DISCUSSION
Our study presents the level of awareness, experiences and factors that
influence NHIF members’ choice of an outpatient facility in Kenya. We
show that, first, while there is a good understanding of the NHIF
requirement to choose a facility, members from rural areas remain
largely unaware of the electronic approaches to choosing or changing a
facility.
While technology has been shown to improve the ease of choosing and
changing facilities in this study, it appears the approach to
communicating the changes, especially in a rural setting remains
wanting. While methods such as the media and the internet are mostly
used by NHIF to pass information, the rural setting population often
don’t have good access to media or the internet and thus such
information may not reach them. For instance, as of 2020, only 30% of
the population in Kenya was using the Internet 37.
Besides, a larger share of the population in Kenya is either not exposed
to media or exposed less than once a week 23 making
obtaining information passed by NHIF through such platforms a key
challenge. Besides, these findings align with a previous study where
respondents expressed the inadequate communication of the new benefits
package introduced by NHIF and even when communication was done, it was
unequally distributed across different citizen groups11.
Second, respondents also expressed concern regarding the lack of choice
for providers in rural settings due to the few facilities contracted to
offer outpatient services. These findings are similar to those from two
previous studies in Kenya that showed that NHIF contracting of
facilities has had an urban bias and the contracting process undermined
equity 11, 38. While the contracting process involves
an application for accreditation, inspection, gazettement and contract
signing, the process has been shown to undermine geographical access,
especially in rural areas and historically marginalized settings in
Kenya due to the rigorous nature of the requirements that leave out the
only available facilities that do not meet the conditions in the
marginalised areas 38. Besides, while the process is
initiated by the NHIF in the public sector, private providers
self-initiate the process of contracting which may explain the fewer
providers from the private sector even though the sector forms over 50%
of all providers in Kenya 21. Furthermore, providers
have expressed dissatisfaction with the provider payment rates and
mechanisms used by NHIF 39 which could further explain
the fewer providers willing to be contracted by NHIF.
Third, it is not surprising that the availability of drugs, distance
from the household to the facility and waiting time at the facility were
the three most important factors influencing NHIF members’ choice of an
NHIF-contracted outpatient provider. These findings are similar to those
reported in other studies 28-32, 40. These can be
explained. First, the availability of drugs in a facility was considered
the most important factor perhaps due to the fact that medicines often
account for the largest share of costs for accessing care. For instance,
a study among diabetes patients in Kenya showed that medicines alone
accounted for 52.4% of the average annual direct patient costs in Kenya41. Besides, 36.1% of the population in Kenya is poor
making the purchase of medicines an additional burden thus the
preference for facilities that they know they would get medicines19.

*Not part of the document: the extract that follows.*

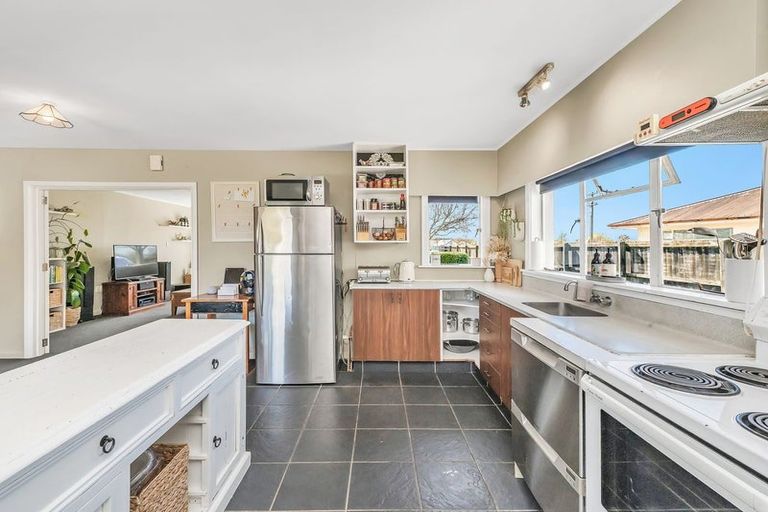 Photo of property in 35 Leeston And Lake Road, Leeston, 7632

Distance from the household to a health facility was the second most
important factor influencing NHIF members’ choice of an outpatient
provider. Similar to medication, distance to facilities places both a
financial and physical burden on NHIF members as it influences both the
transport costs to a facility and the suffering as one moves from their
household to the facility. Transport costs were the second significant
contributor to direct patient diabetes costs among patients in Kenya41. In another study in Kenya, transport costs alone
increased the incidence of catastrophic health expenditure from 4.52%
to 6.58% with a larger share of this being in rural settings where
individuals from rural settings were over five times more likely to
experience catastrophic health expenditure from transport costs to
health facilities compared to their urban counterparts42. Even though the government targets to have the
whole population to be within a 1-hour travel time to a health facility,
spatial access estimates indicate that nearly 11% of the population
still leaves outside the 1-hour travel time to facilities43. Anecdotal evidence suggests that spatial access
estimates may be worse for NHIF-contracted outpatient facilities given
that NHIF has contracted less than half of the facilities in Kenya.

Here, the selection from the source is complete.